Task requirements: Only the lines from the one containing "Swimming pool and" to the end of the entries should be written out, each exactly as it stands, both ends included.

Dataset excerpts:
##########
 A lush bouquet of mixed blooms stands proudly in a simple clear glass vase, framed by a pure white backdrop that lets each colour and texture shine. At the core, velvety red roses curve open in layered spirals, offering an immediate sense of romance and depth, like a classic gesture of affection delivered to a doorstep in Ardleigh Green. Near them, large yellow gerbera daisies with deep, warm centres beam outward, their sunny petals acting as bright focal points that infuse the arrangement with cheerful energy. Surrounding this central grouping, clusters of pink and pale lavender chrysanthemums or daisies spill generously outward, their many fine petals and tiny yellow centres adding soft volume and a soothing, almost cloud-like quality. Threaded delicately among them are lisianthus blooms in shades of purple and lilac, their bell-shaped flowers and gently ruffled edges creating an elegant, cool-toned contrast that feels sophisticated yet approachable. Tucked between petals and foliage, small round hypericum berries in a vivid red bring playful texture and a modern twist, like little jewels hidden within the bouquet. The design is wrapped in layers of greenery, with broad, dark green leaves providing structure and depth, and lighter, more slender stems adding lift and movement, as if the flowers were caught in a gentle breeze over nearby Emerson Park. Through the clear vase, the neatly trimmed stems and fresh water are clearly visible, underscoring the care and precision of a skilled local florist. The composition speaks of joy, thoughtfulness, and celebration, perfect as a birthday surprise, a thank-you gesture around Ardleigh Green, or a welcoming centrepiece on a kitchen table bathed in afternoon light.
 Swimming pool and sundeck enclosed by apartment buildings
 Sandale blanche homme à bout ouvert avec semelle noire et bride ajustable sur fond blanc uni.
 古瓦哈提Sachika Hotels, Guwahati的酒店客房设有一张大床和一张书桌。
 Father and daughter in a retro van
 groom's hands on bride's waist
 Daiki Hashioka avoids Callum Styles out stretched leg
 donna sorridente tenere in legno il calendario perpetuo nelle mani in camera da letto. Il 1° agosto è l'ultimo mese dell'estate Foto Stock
##########
Finished exercise:
 Swimming pool and sundeck enclosed by apartment buildings
 Sandale blanche homme à bout ouvert avec semelle noire et bride ajustable sur fond blanc uni.
 古瓦哈提Sachika Hotels, Guwahati的酒店客房设有一张大床和一张书桌。
 Father and daughter in a retro van
 groom's hands on bride's waist
 Daiki Hashioka avoids Callum Styles out stretched leg
 donna sorridente tenere in legno il calendario perpetuo nelle mani in camera da letto. Il 1° agosto è l'ultimo mese dell'estate Foto Stock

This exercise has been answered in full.